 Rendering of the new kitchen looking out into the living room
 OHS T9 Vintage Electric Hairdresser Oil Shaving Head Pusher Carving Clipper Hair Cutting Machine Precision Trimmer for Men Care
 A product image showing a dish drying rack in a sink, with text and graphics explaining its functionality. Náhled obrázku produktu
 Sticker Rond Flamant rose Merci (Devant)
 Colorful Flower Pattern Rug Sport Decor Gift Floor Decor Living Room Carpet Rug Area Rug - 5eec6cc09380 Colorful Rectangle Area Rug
...
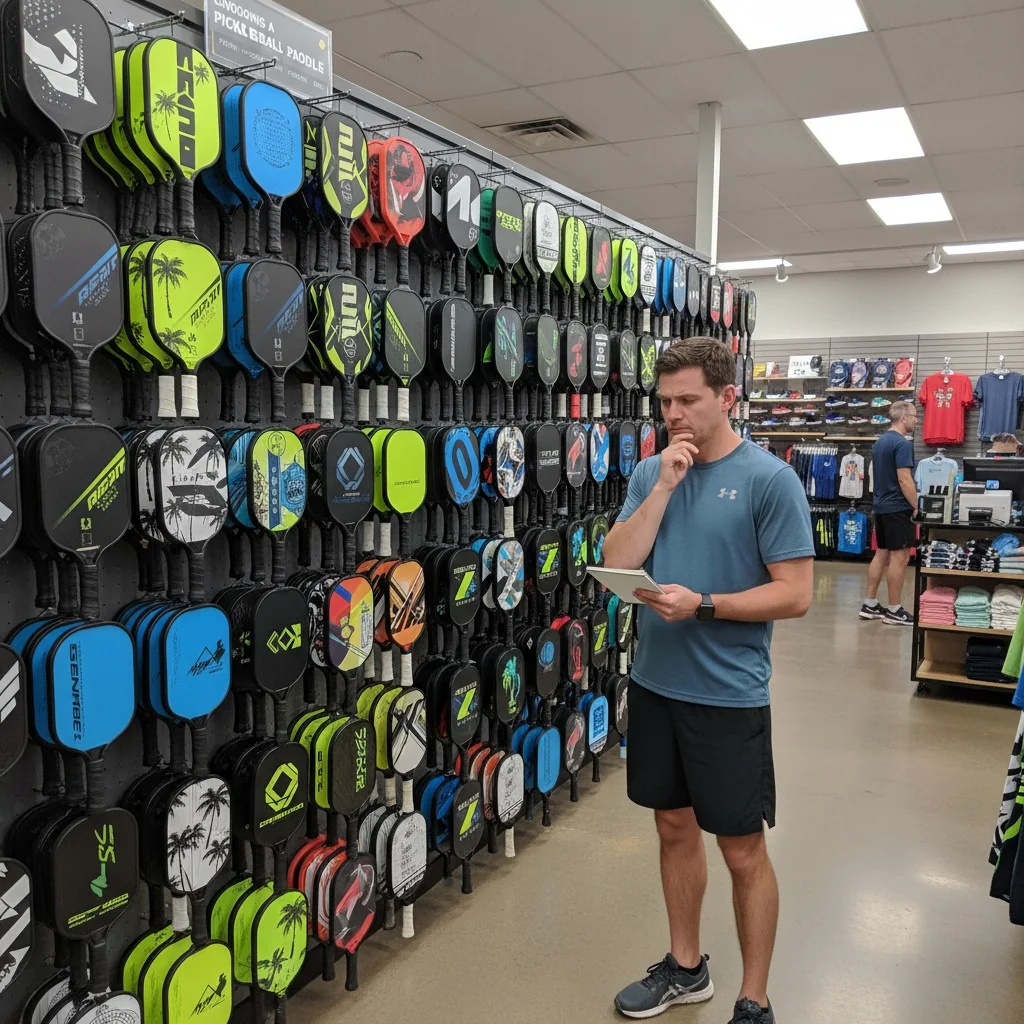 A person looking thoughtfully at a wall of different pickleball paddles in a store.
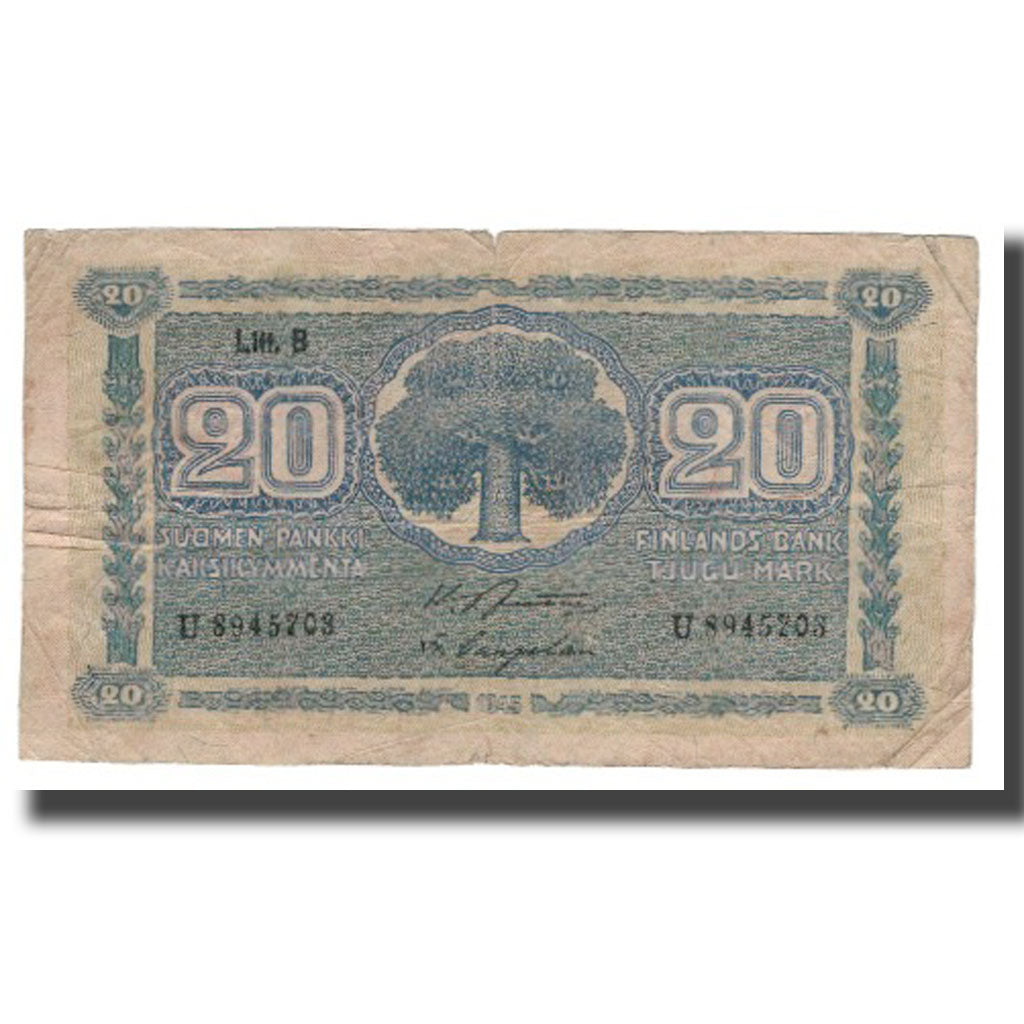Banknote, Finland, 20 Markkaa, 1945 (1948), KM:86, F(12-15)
--
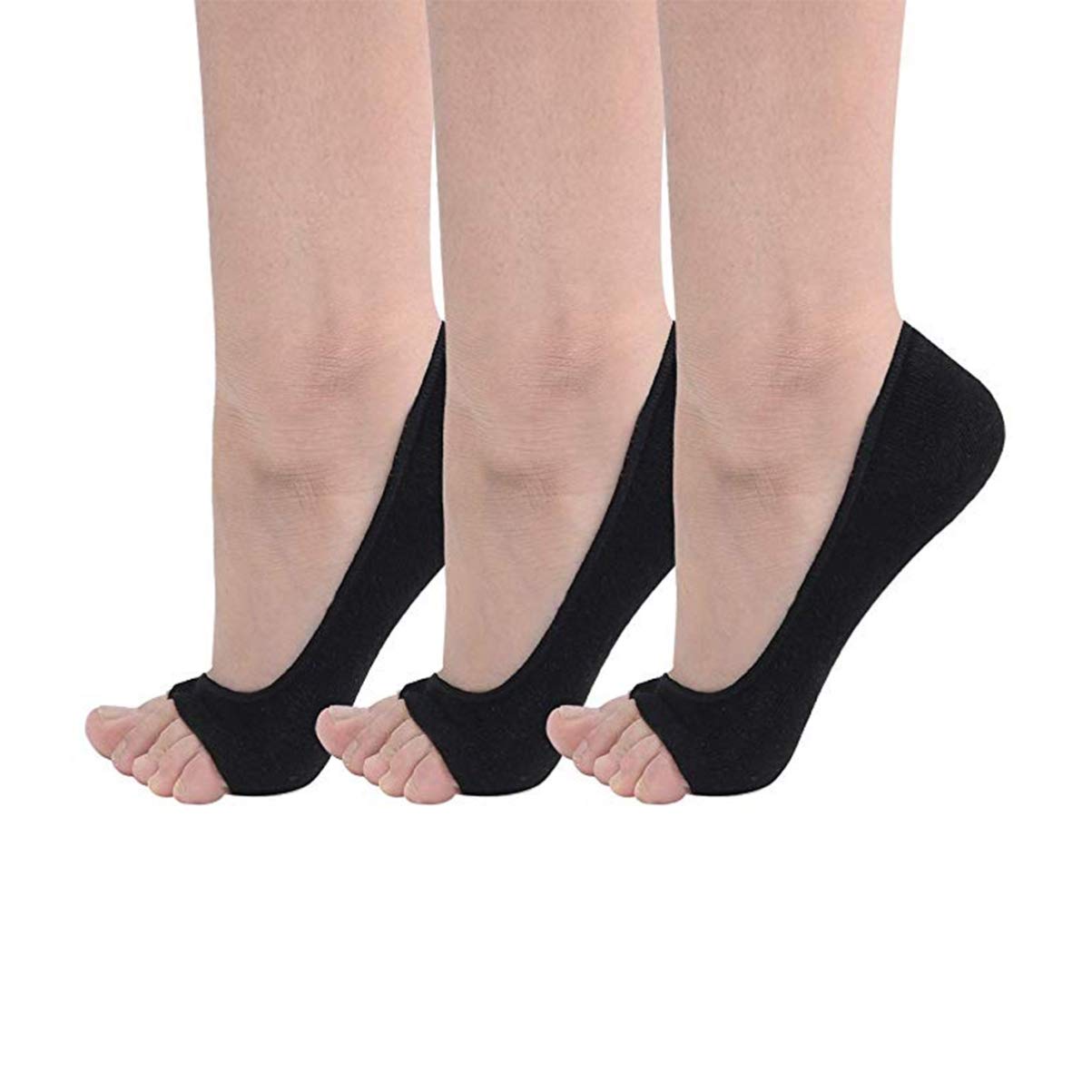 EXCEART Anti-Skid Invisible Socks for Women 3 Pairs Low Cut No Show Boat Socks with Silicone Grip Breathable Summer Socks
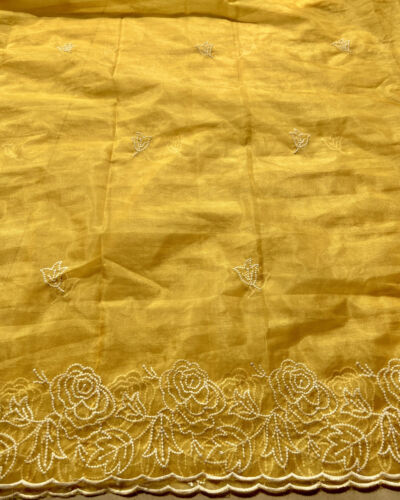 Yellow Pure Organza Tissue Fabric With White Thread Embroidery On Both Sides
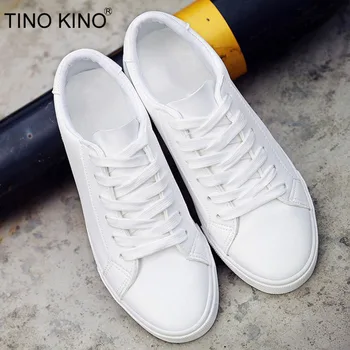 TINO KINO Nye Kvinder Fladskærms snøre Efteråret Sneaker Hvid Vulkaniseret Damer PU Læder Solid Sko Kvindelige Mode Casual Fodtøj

Problem to solve: Reproduce word for word the material above, beginning with the line that contains "Rendering of the" and ending with the line that contains "Sticker Rond Flamant rose Merci (Devant)".

Response area:
 Rendering of the new kitchen looking out into the living room
 OHS T9 Vintage Electric Hairdresser Oil Shaving Head Pusher Carving Clipper Hair Cutting Machine Precision Trimmer for Men Care
 A product image showing a dish drying rack in a sink, with text and graphics explaining its functionality. Náhled obrázku produktu
 Sticker Rond Flamant rose Merci (Devant)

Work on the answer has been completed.